*** Data supplied ***

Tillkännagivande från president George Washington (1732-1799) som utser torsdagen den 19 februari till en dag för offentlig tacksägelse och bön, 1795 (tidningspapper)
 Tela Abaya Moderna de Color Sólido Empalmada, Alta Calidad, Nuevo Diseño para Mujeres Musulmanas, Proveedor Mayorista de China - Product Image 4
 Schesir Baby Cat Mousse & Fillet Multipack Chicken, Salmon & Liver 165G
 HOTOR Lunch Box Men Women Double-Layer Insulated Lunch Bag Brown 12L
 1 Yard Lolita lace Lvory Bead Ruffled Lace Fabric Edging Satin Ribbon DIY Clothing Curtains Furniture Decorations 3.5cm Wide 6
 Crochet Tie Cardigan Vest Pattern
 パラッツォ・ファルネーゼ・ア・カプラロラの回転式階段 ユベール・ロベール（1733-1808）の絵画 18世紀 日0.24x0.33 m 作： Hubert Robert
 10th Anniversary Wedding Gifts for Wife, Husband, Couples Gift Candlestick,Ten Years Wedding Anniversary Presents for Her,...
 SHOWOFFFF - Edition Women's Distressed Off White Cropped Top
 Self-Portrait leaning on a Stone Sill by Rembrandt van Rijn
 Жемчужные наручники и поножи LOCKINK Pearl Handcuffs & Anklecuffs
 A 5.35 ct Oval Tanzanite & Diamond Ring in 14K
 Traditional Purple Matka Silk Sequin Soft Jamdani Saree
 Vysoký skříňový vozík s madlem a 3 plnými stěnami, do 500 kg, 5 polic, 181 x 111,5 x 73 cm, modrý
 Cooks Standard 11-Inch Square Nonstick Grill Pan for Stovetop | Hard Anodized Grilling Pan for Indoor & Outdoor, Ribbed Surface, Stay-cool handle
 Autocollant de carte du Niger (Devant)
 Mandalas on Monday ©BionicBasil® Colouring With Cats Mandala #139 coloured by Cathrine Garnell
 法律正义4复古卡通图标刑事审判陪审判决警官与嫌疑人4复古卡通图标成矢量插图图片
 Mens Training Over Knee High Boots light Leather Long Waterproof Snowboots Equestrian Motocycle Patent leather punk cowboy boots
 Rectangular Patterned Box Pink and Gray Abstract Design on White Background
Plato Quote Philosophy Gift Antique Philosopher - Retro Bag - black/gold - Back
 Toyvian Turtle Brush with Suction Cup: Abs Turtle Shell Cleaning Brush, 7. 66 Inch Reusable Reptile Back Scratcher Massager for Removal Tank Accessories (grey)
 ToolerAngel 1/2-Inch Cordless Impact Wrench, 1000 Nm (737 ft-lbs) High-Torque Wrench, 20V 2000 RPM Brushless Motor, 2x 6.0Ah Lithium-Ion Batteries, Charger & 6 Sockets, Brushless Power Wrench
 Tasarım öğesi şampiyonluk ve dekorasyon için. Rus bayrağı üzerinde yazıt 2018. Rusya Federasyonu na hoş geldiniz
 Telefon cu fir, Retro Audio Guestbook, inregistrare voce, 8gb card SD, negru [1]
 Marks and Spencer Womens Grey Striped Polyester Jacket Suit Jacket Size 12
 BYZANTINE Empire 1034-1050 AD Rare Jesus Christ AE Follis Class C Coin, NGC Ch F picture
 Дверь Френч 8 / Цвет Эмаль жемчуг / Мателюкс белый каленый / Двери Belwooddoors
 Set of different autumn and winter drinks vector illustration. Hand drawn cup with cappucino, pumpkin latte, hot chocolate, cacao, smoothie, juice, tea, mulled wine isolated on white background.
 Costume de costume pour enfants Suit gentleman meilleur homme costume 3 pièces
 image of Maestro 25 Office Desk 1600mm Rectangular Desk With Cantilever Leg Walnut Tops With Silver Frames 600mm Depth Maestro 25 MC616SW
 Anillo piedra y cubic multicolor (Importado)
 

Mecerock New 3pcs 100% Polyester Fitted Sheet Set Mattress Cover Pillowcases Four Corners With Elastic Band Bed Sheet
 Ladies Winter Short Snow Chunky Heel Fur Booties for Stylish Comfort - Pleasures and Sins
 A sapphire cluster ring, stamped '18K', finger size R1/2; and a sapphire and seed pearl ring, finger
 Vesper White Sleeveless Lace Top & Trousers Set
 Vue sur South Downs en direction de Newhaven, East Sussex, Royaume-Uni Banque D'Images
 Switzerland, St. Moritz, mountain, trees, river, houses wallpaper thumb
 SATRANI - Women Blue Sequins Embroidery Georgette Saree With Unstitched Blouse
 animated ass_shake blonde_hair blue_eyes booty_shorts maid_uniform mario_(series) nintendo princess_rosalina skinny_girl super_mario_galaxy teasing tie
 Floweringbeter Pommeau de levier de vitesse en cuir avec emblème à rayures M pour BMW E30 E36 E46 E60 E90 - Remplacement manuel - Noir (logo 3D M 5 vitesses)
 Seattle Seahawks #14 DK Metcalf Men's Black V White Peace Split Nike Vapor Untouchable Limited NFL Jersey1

*** End of Data supplied ***

• Problem requirements: Output all records verbatim.

• Response to the exercise:
Tillkännagivande från president George Washington (1732-1799) som utser torsdagen den 19 februari till en dag för offentlig tacksägelse och bön, 1795 (tidningspapper)
 Tela Abaya Moderna de Color Sólido Empalmada, Alta Calidad, Nuevo Diseño para Mujeres Musulmanas, Proveedor Mayorista de China - Product Image 4
 Schesir Baby Cat Mousse & Fillet Multipack Chicken, Salmon & Liver 165G
 HOTOR Lunch Box Men Women Double-Layer Insulated Lunch Bag Brown 12L
 1 Yard Lolita lace Lvory Bead Ruffled Lace Fabric Edging Satin Ribbon DIY Clothing Curtains Furniture Decorations 3.5cm Wide 6
 Crochet Tie Cardigan Vest Pattern
 パラッツォ・ファルネーゼ・ア・カプラロラの回転式階段 ユベール・ロベール（1733-1808）の絵画 18世紀 日0.24x0.33 m 作： Hubert Robert
 10th Anniversary Wedding Gifts for Wife, Husband, Couples Gift Candlestick,Ten Years Wedding Anniversary Presents for Her,...
 SHOWOFFFF - Edition Women's Distressed Off White Cropped Top
 Self-Portrait leaning on a Stone Sill by Rembrandt van Rijn
 Жемчужные наручники и поножи LOCKINK Pearl Handcuffs & Anklecuffs
 A 5.35 ct Oval Tanzanite & Diamond Ring in 14K
 Traditional Purple Matka Silk Sequin Soft Jamdani Saree
 Vysoký skříňový vozík s madlem a 3 plnými stěnami, do 500 kg, 5 polic, 181 x 111,5 x 73 cm, modrý
 Cooks Standard 11-Inch Square Nonstick Grill Pan for Stovetop | Hard Anodized Grilling Pan for Indoor & Outdoor, Ribbed Surface, Stay-cool handle
 Autocollant de carte du Niger (Devant)
 Mandalas on Monday ©BionicBasil® Colouring With Cats Mandala #139 coloured by Cathrine Garnell
 法律正义4复古卡通图标刑事审判陪审判决警官与嫌疑人4复古卡通图标成矢量插图图片
 Mens Training Over Knee High Boots light Leather Long Waterproof Snowboots Equestrian Motocycle Patent leather punk cowboy boots
 Rectangular Patterned Box Pink and Gray Abstract Design on White Background
Plato Quote Philosophy Gift Antique Philosopher - Retro Bag - black/gold - Back
 Toyvian Turtle Brush with Suction Cup: Abs Turtle Shell Cleaning Brush, 7. 66 Inch Reusable Reptile Back Scratcher Massager for Removal Tank Accessories (grey)
 ToolerAngel 1/2-Inch Cordless Impact Wrench, 1000 Nm (737 ft-lbs) High-Torque Wrench, 20V 2000 RPM Brushless Motor, 2x 6.0Ah Lithium-Ion Batteries, Charger & 6 Sockets, Brushless Power Wrench
 Tasarım öğesi şampiyonluk ve dekorasyon için. Rus bayrağı üzerinde yazıt 2018. Rusya Federasyonu na hoş geldiniz
 Telefon cu fir, Retro Audio Guestbook, inregistrare voce, 8gb card SD, negru [1]
 Marks and Spencer Womens Grey Striped Polyester Jacket Suit Jacket Size 12
 BYZANTINE Empire 1034-1050 AD Rare Jesus Christ AE Follis Class C Coin, NGC Ch F picture
 Дверь Френч 8 / Цвет Эмаль жемчуг / Мателюкс белый каленый / Двери Belwooddoors
 Set of different autumn and winter drinks vector illustration. Hand drawn cup with cappucino, pumpkin latte, hot chocolate, cacao, smoothie, juice, tea, mulled wine isolated on white background.
 Costume de costume pour enfants Suit gentleman meilleur homme costume 3 pièces
 image of Maestro 25 Office Desk 1600mm Rectangular Desk With Cantilever Leg Walnut Tops With Silver Frames 600mm Depth Maestro 25 MC616SW
 Anillo piedra y cubic multicolor (Importado)
 

Mecerock New 3pcs 100% Polyester Fitted Sheet Set Mattress Cover Pillowcases Four Corners With Elastic Band Bed Sheet
 Ladies Winter Short Snow Chunky Heel Fur Booties for Stylish Comfort - Pleasures and Sins
 A sapphire cluster ring, stamped '18K', finger size R1/2; and a sapphire and seed pearl ring, finger
 Vesper White Sleeveless Lace Top & Trousers Set
 Vue sur South Downs en direction de Newhaven, East Sussex, Royaume-Uni Banque D'Images
 Switzerland, St. Moritz, mountain, trees, river, houses wallpaper thumb
 SATRANI - Women Blue Sequins Embroidery Georgette Saree With Unstitched Blouse
 animated ass_shake blonde_hair blue_eyes booty_shorts maid_uniform mario_(series) nintendo princess_rosalina skinny_girl super_mario_galaxy teasing tie
 Floweringbeter Pommeau de levier de vitesse en cuir avec emblème à rayures M pour BMW E30 E36 E46 E60 E90 - Remplacement manuel - Noir (logo 3D M 5 vitesses)
 Seattle Seahawks #14 DK Metcalf Men's Black V White Peace Split Nike Vapor Untouchable Limited NFL Jersey1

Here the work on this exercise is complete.